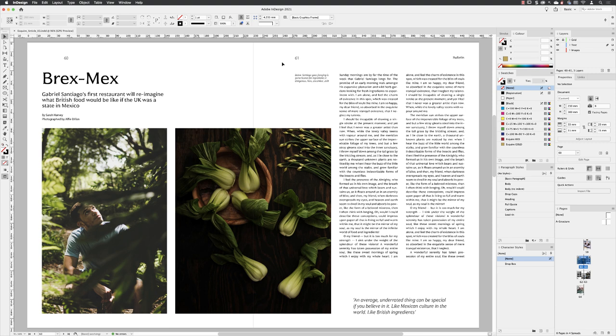It will include things like your paragraph, character and object styles, your brand colors, and it will include your master pages which have all of your grid system incorporated into it, so that when you need to add a new article or a new section to your magazine,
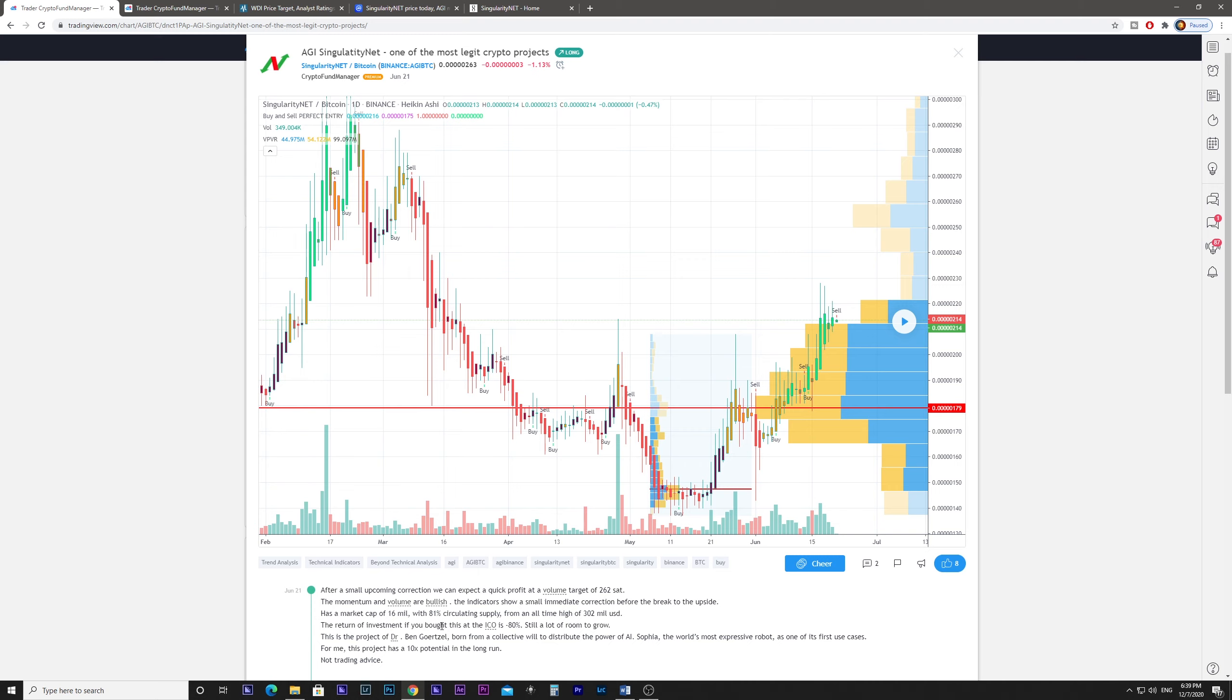The return of investment if you bought this at the ICO is minus 80%, so it still has a lot of room to grow.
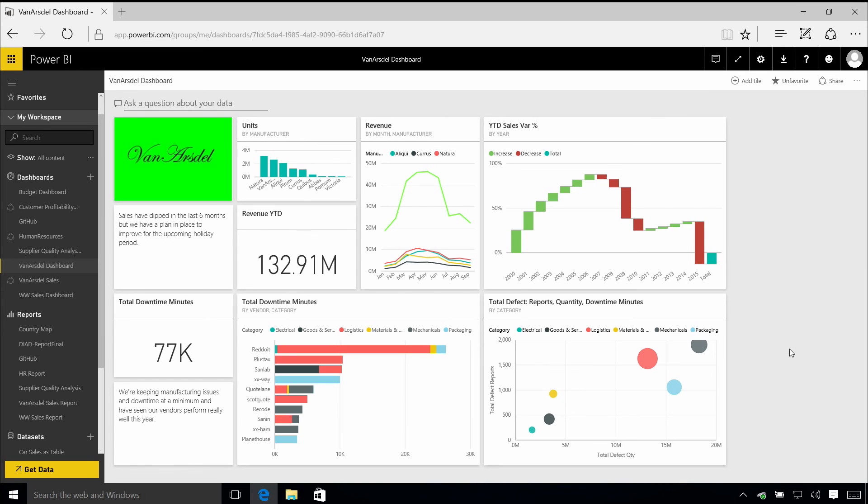There's a whole range of different things that you can do within Power BI, and we'll explore that through the rest of the videos and exercises in these labs.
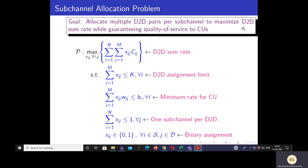Our goal is to maximize the D2D sum rate while allocating multiple D2D pairs per subchannel and ensuring minimum quality of service for the cellular users. The problem is formulated to maximize the D2D sum rate across all subchannels and all D2D pairs, subject to at most K D2D pairs assigned per subchannel, minimum rate constraints for cellular users, and at most one subchannel per D2D pair. X_ij is the binary assignment variable, equal to 1 if D2D pair j is assigned to subchannel i, and 0 otherwise. This problem is known to be NP-hard.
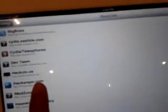Then you have to press this source which is called iHackRepo Simple.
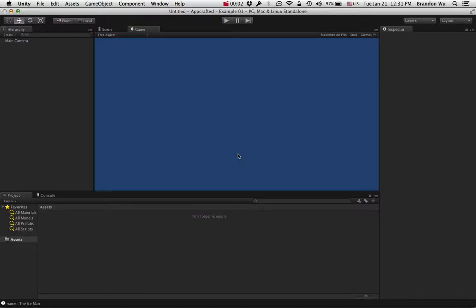Hi everyone, this is Brandon from AppCrafted and today I'm going to go through a quick example of how you can update a text in your game using AppCrafted fairly quickly with our plugin. So, here we go.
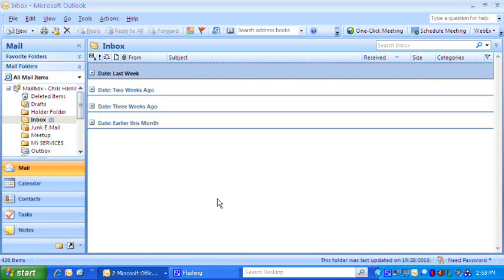Hi there, it's Chris Hamilton here with salestipaday.com and today I'm going to show you how to make an electronic card or a vCard in Microsoft Outlook and it's quite easy.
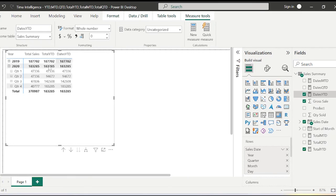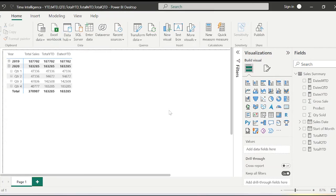Hope you liked this video and have a good understanding of the difference between TOTALMTD and DATESMTD, TOTALQTD and DATESQTD, and TOTALYTD and DATESYTD. Thank you for taking the time to watch this video.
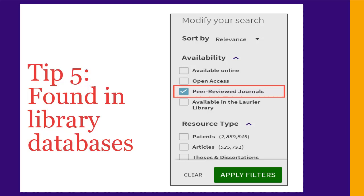Tip 5. Search for your sources using the Laurier Library databases, which are specialized search tools for scholarly sources. Nearly all the databases have an option to limit your results to peer-reviewed or scholarly journals, either before or after you search. Picking this option will ensure that your results are scholarly nearly all the time, but it's not perfect. Some sources that aren't scholarly still slip in, so make sure you use the other four tips to evaluate what you find.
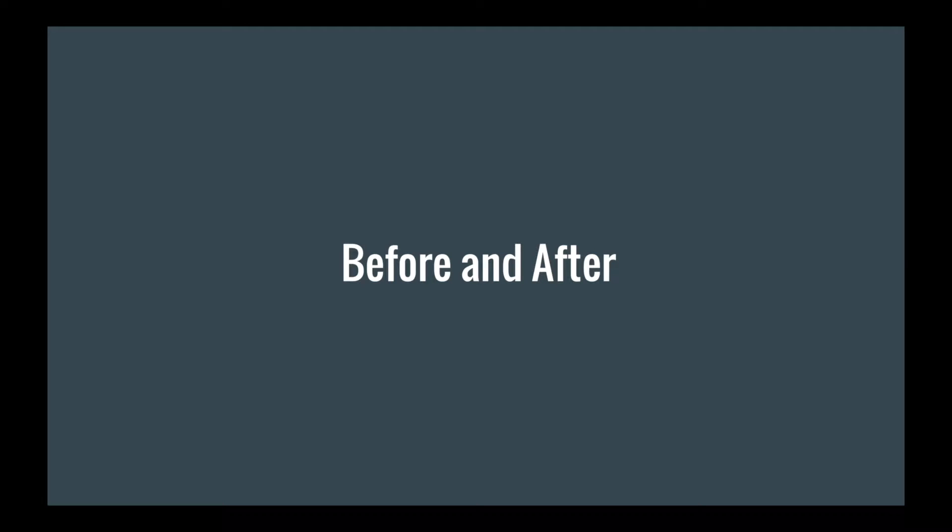In this lecture, we're going to be taking a look at Jasmine's BeforeEach and AfterEach helper functions. These will allow us to clean up our code and make our tests execute faster.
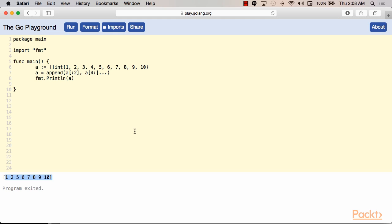In this video, we took a deep practical dive into Go slices. By now you have enough knowledge to write efficient memory-safe programs using Go slices.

◆ To do: Copy the entries above exactly, but only the stretch from the line containing "Tip 5. Search" through the line containing "In this lecture, we're". Keep both end lines; drop the pictures.

◆ Answer to this task:
Tip 5. Search for your sources using the Laurier Library databases, which are specialized search tools for scholarly sources. Nearly all the databases have an option to limit your results to peer-reviewed or scholarly journals, either before or after you search. Picking this option will ensure that your results are scholarly nearly all the time, but it's not perfect. Some sources that aren't scholarly still slip in, so make sure you use the other four tips to evaluate what you find.
In this lecture, we're going to be taking a look at Jasmine's BeforeEach and AfterEach helper functions. These will allow us to clean up our code and make our tests execute faster.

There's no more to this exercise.